Mein aquatisches Tagebuch: Einsiedler im Eigenheim

Von einem Meeresbewohner, der sein Haus mit sich herumträgt, und öfter mal umzieht: Der Einsiedlerkrebs

Dieses Aquariumsbecken unterscheidet sich in seinem Erscheinungsbild deutlich von den sonst üblichen Aquarienbecken, denn statt gemächlich schwimmender Fische wuseln hier Krebse über den Boden und klettern bisweilen sogar auf dem in der Mitte befindlichen, ausgehöhlten Stein herum. Es handelt sich um den Einsiedlerkrebs Eupagurus bernhardus, dessen „Markenzeichen“ ein Schneckengehäuse ist, das er nahezu während seines gesamten Lebens mit sich herumträgt.

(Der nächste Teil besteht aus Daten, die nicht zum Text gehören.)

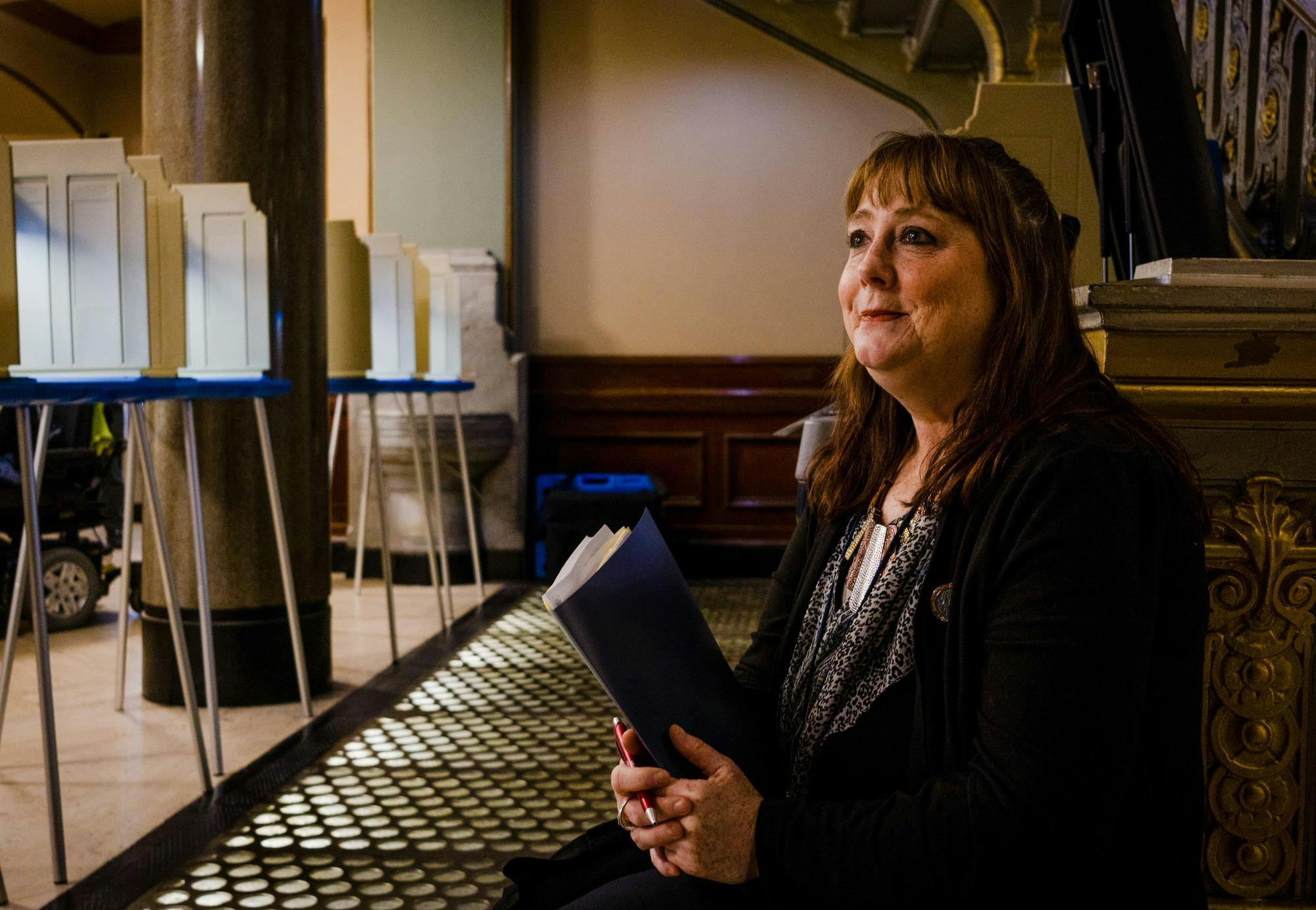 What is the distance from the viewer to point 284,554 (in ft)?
10.4

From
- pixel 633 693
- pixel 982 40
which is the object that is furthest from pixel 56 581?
pixel 982 40

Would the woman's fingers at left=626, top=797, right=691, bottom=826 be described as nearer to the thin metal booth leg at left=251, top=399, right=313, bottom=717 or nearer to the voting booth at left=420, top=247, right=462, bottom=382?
the thin metal booth leg at left=251, top=399, right=313, bottom=717

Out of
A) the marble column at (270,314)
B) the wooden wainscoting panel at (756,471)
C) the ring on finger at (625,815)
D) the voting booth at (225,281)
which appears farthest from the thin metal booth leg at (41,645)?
the wooden wainscoting panel at (756,471)

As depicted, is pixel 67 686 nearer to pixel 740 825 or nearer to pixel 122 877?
pixel 122 877

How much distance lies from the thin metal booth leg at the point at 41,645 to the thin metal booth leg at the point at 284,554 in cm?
90

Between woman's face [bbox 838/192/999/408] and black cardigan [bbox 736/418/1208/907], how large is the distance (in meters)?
0.15

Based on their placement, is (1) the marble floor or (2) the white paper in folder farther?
(1) the marble floor

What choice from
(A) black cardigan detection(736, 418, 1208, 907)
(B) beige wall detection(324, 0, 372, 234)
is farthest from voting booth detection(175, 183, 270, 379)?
(B) beige wall detection(324, 0, 372, 234)

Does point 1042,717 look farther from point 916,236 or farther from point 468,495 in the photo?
point 468,495

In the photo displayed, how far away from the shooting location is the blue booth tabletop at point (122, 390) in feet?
6.46

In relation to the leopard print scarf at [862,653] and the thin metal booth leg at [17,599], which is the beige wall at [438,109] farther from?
the leopard print scarf at [862,653]

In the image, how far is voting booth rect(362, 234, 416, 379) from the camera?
13.9 feet

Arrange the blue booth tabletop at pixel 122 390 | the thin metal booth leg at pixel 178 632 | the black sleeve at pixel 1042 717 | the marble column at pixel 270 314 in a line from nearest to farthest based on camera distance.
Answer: the black sleeve at pixel 1042 717, the blue booth tabletop at pixel 122 390, the thin metal booth leg at pixel 178 632, the marble column at pixel 270 314

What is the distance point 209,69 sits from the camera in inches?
132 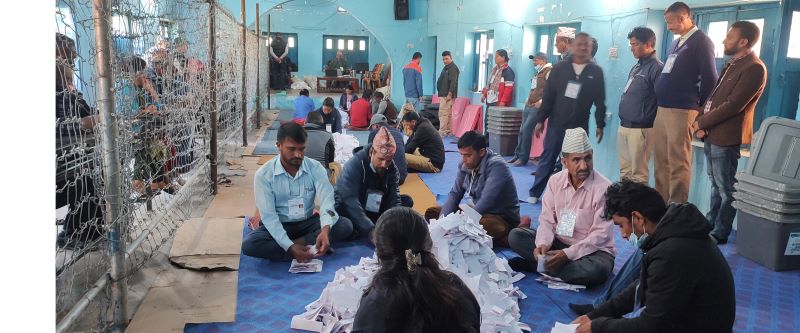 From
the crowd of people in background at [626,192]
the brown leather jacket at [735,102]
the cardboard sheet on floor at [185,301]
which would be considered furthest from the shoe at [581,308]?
the brown leather jacket at [735,102]

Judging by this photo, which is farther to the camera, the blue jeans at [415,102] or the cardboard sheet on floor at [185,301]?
the blue jeans at [415,102]

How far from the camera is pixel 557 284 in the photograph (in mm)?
3584

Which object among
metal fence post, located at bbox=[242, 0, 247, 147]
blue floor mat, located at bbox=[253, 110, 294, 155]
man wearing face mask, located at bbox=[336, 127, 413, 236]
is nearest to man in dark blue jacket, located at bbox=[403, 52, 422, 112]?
blue floor mat, located at bbox=[253, 110, 294, 155]

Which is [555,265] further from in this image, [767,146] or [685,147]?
[685,147]

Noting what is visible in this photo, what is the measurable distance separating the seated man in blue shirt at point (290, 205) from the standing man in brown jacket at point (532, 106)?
13.4 ft

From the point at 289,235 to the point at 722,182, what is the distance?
3167mm

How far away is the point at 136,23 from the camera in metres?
3.26

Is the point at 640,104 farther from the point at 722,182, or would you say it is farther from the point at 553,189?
the point at 553,189

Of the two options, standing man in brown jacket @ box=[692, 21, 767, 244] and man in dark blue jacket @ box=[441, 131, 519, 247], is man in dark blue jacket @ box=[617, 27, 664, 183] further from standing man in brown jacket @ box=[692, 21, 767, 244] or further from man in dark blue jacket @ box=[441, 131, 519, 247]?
man in dark blue jacket @ box=[441, 131, 519, 247]

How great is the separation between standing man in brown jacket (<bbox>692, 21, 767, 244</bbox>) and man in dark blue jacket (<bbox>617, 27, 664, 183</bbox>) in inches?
24.1

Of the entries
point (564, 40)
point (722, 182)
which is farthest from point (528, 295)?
point (564, 40)

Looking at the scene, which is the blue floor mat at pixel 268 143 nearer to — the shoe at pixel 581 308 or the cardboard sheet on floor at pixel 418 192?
the cardboard sheet on floor at pixel 418 192

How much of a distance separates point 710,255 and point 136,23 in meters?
3.00

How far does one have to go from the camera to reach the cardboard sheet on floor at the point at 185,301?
3000 millimetres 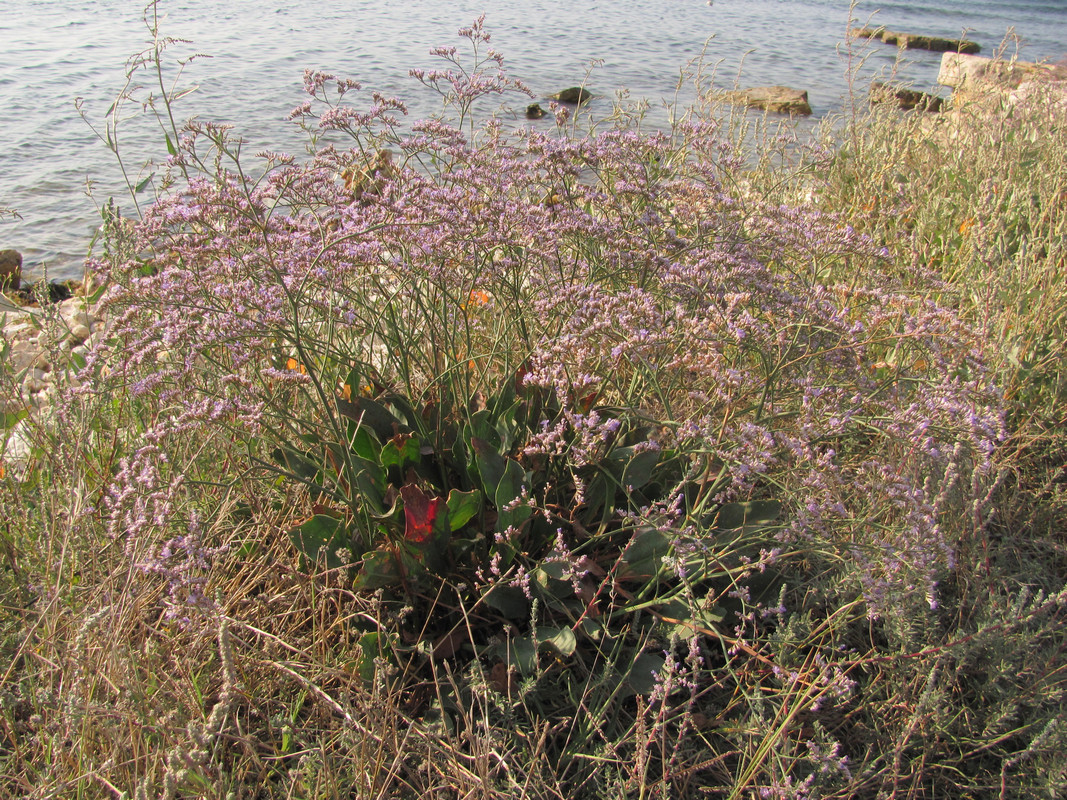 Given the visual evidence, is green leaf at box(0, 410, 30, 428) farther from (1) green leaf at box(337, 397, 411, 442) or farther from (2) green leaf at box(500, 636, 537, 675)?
(2) green leaf at box(500, 636, 537, 675)

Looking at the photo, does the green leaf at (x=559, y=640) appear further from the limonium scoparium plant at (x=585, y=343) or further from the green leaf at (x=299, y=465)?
the green leaf at (x=299, y=465)

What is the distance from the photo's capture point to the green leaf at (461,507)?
231 cm

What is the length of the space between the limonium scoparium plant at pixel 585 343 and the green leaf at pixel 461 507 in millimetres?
223

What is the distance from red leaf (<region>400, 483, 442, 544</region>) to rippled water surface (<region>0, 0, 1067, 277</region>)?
11.0ft

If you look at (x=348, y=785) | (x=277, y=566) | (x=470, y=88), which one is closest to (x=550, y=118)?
(x=470, y=88)

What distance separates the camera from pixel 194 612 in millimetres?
2088

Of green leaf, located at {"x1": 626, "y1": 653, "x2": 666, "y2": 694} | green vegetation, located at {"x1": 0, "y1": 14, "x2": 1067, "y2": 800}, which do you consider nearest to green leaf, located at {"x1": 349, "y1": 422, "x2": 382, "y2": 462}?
green vegetation, located at {"x1": 0, "y1": 14, "x2": 1067, "y2": 800}

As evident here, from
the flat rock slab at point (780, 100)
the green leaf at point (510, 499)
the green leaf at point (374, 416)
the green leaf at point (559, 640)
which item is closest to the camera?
the green leaf at point (559, 640)

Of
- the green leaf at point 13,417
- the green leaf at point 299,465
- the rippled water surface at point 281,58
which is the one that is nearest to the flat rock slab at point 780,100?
the rippled water surface at point 281,58

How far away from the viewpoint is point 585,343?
85.0 inches

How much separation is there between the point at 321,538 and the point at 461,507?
464 mm

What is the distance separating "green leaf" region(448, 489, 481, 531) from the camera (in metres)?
2.31

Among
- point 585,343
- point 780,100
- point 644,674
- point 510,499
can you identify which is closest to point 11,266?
point 510,499

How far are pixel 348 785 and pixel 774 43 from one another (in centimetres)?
2051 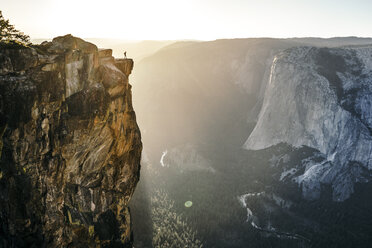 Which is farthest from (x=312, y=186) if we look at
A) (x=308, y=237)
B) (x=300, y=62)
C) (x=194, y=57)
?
(x=194, y=57)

Einsiedlerkrebs Eupagurus bernhardus auf einem Hohlstein
Foto: E. Hensel

Nur zur Häutung und zur Fortpflanzung verlässt er freiwillig kurzzeitig sein schützendes Gehäuse. Wird dem wachsenden Krebs das Gehäuse zu eng, muss er sich ein größeres suchen, in das er dann blitzschnell hinüberwechselt. Bisweilen kommt es aber auch vor, dass ein Einsiedlerkrebs sich des Gehäuses eines anderen bemächtigt, indem er diesen einfach aus seiner mobilen Unterkunft herauszerrt. Der Schwächere muss sich dann eine neue Bleibe suchen. Ein solches Herausziehen soll eigentlich durch einen Widerhaken am Körperende verhindert werden, der sich im Laufe der Evolution aus dem „Schwanzfächer“ entwickelt hat. Aber nicht nur der Haken ist eine besondere Anpassung an die außergewöhnliche Behausung, sondern auch die spezielle Gestaltung des Hinterkörpers: Dieser ist, anders als bei anderen Krebsen, weich und schraubig gewunden, sodass er in die Schale passt. Die beiden hinteren Beinpaare sind stark verkürzt; sie halten die Schale und stemmen sich von innen gegen den Schalenrand, wenn man versucht, die Tiere herauszuziehen. Die größere der beiden Scheren dient auch dazu, die Gehäuseöffnung zu verschließen, wenn sich der Krebs bei Gefahr ganz in das Gehäuse zurückgezogen hat. Um diese Schere in eine passgerechte Form zu bringen, zieht sich der nach einer Häutung noch weiche Krebs in das Gehäuse zurück und presst die Schere in die Gehäuseöffnung, wo sie dann in der entsprechenden Form aushärtet. Ob es Vorlieben für bestimmte Gehäuseformen oder -größen gibt?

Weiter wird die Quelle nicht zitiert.